Throughout 2023, the RMT has sought to force through a sell-out of the rail strikes and already agreed a rotten sell out in March covering its 20,000 members working for the Network Rail infrastructure company. It wants to do the same to its 20,000 members striking the train operating companies by finalising a two-stage deal with the RDG. However, the government is demanding that the union calls off all strikes and ends the dispute before it will sign off on the agreement.

This has handed the initiative to the government and the rail companies, despite the willingness of rail workers to take them on. The Financial Times reported in January that the “Great British Railways Transition Team [GBRTT] and private sector body Rail Partner” had “drawn up a series of more market-orientated reforms.” With several rail companies running a service so awful they had to be taken under government control, the new proposals “include moving to contracts that ‘restore commercial incentives for operators’,” the FT reported. “The document suggests that the industry believes the 2021 reforms went too far, and that the private sector needs greater freedoms as the railway battles to fix its finances.”

In February, new Transport Secretary Mark Harper confirmed the government would back reforms to “enhance the role of the private sector.”

That the government is so far down the road in enforcing everything it wants in de-staffing the rail network and slashing labour costs to maximise profit is a devastating indictment of RMT leader Mick Lynch.

Britain’s pseudo-left groups declared his occasional statements supporting a general strike and launching of a fraudulent mass campaign against austerity, “Enough is Enough”, to be a rebirth of militant trade unionism.
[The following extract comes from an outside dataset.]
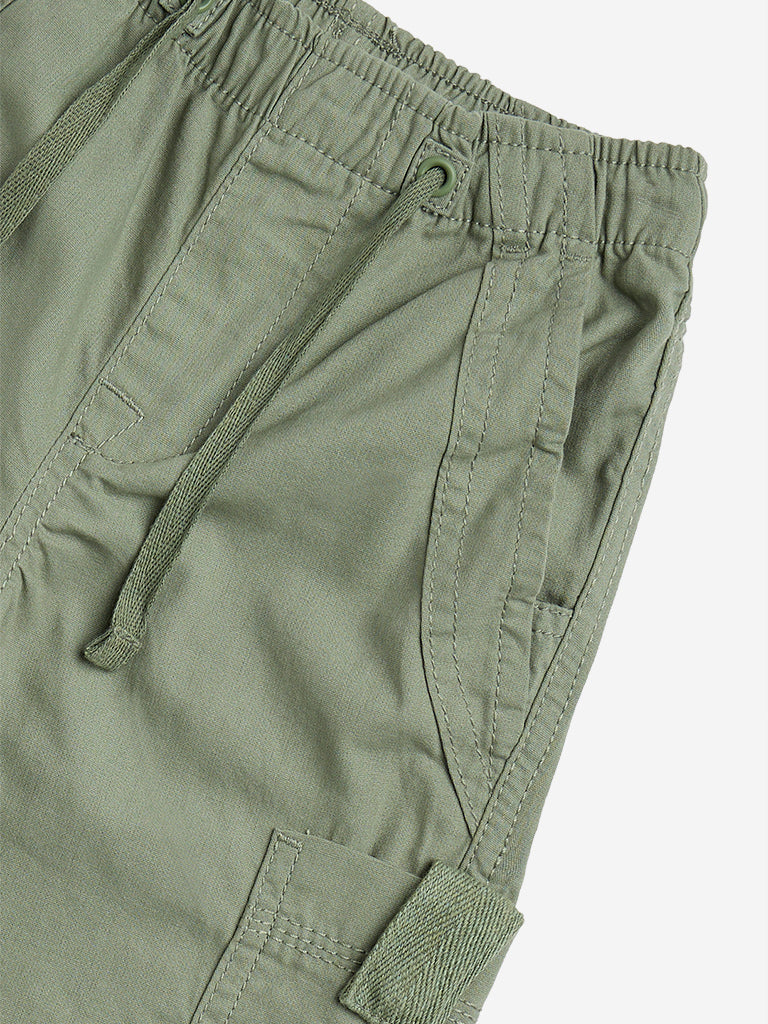 HOP Kids Sage Cargo-Style Mid-Rise Cotton Trousers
They ignored his actual efforts to neuter the rail strike and impose a rotten agreement, and his insistence that the eventual election of Sir Keir Starmer’s Labour Party was “the only alternative” to the continuation of Tory rule. The RMT has called just a few days of industrial action since December, to be followed with only three days of strikes over a period of ten days on July 20, 22 and 29.

No industrial action has been called against the ticket office closures. Instead, the RMT is calling two “days of action”—protests to be held outside rail stations on July 13 and 18. The RMT’s campaign centres on collaboration with the consultative process, with the public urged to write to their local rail firm with complaints, and appeals made to MPs and councillors of all parties to fight the proposals.
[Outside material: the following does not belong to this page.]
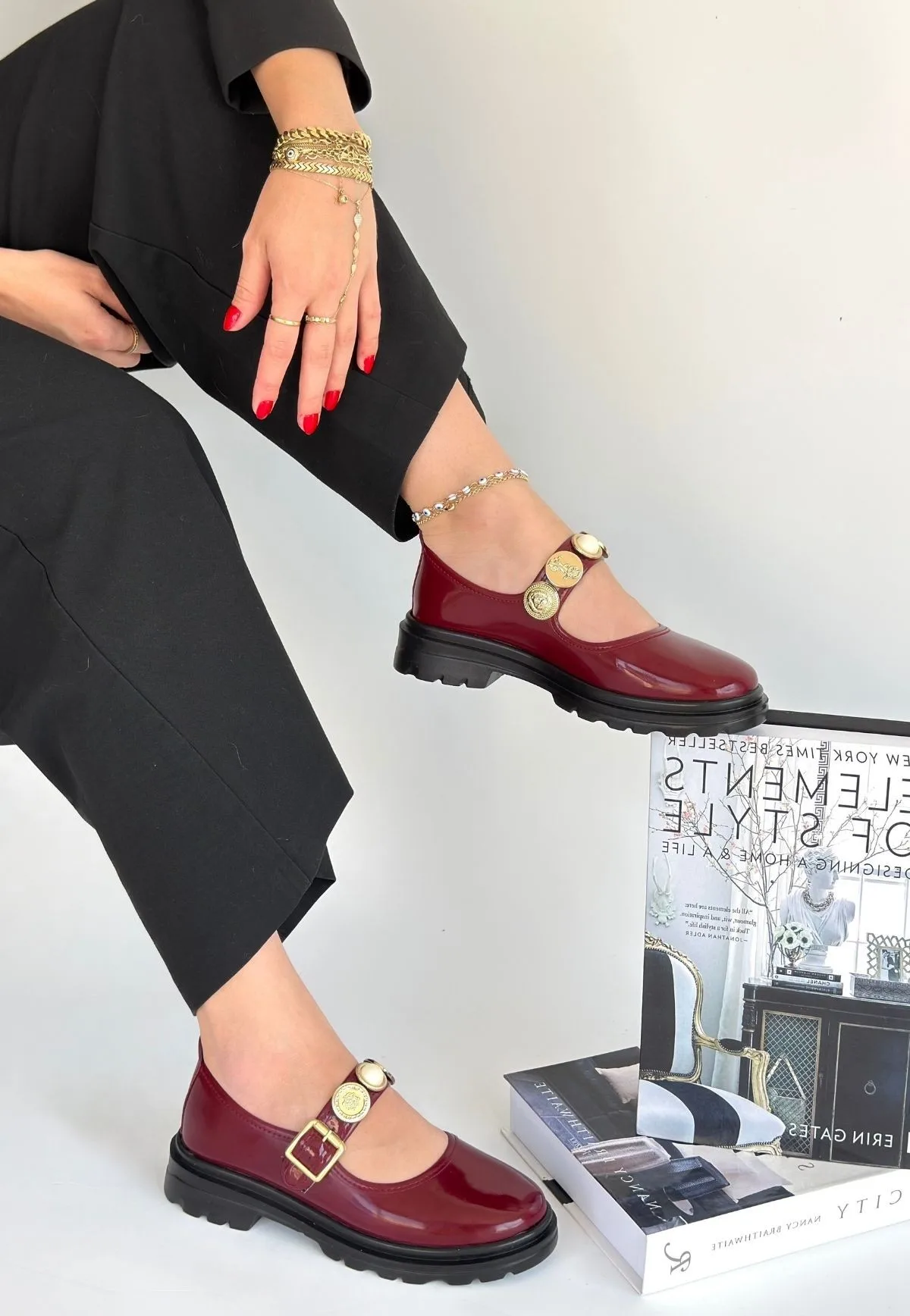 Okira Bordo Rugan Oxford Kadın Bağcıksız Babet Ayakkabı Erbilden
This is the RMT’s stock-in-trade alternative to the class struggle. Last March the RMT launched its “Save P&O” campaign after DP World sacked over 800 ferry workers, urging workers to appeal to the Tories to protect a “national asset” instead of organising strikes.
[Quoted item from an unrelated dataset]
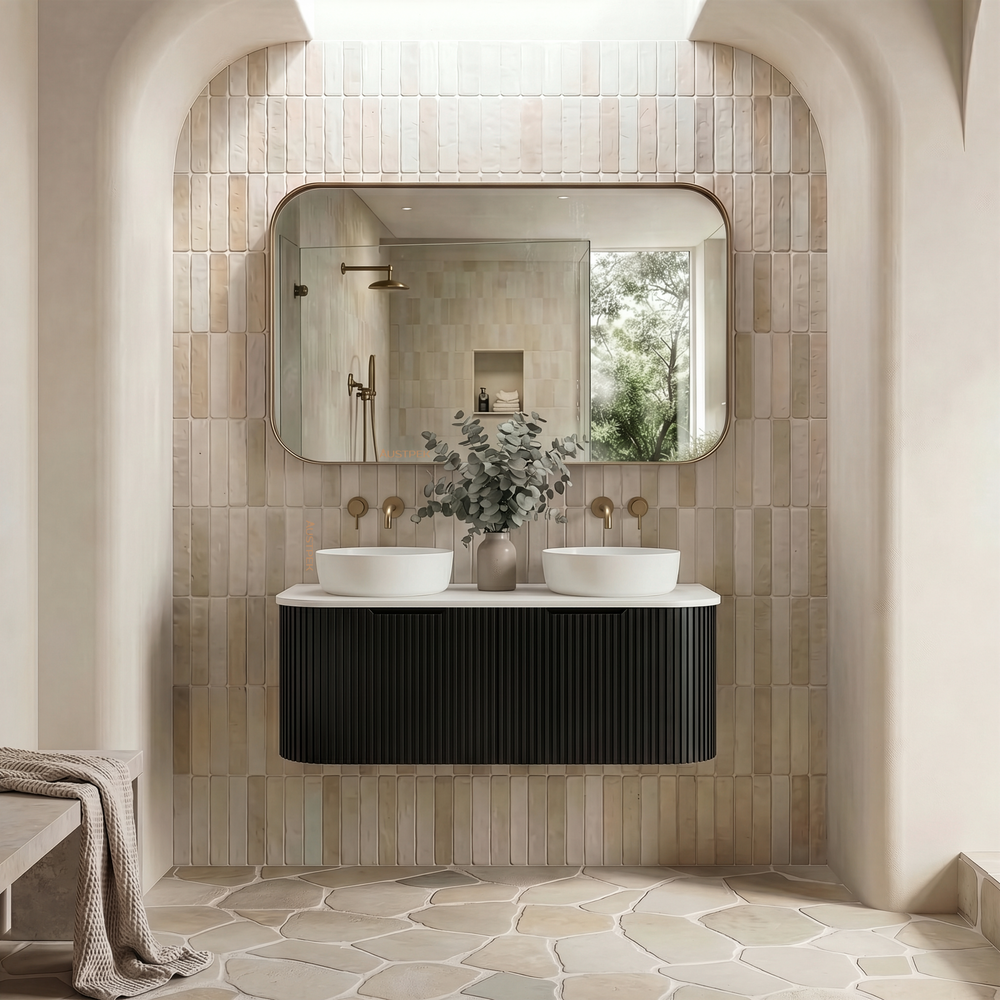 RIVA BERGEN MATTE BLACK 1200MM DOUBLE BOWL WALL HUNG VANITY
It did the same thing on the rail. Last November, its propaganda opposing ticket office closures stressed that “Over 75% of Conservative MPs have one or more ticket office in their constituency which is at risk of closure.” In 2015, an identical campaign on the London Underground ended with the closure of every single ticket office, leaving many stations unmanned and leading to redundancy for around 1,000 station staff and control room assistants.

The fight against ticket office closures and the fate of the rail strikes depends on workers taking the dispute out of the hands of RMT, ASLEF and TSSA bureaucracy. Rank-and-file committees must be set up in every workplace to unite all rail workers in a common struggle and to prepare a long overdue counter-offensive against this hated government.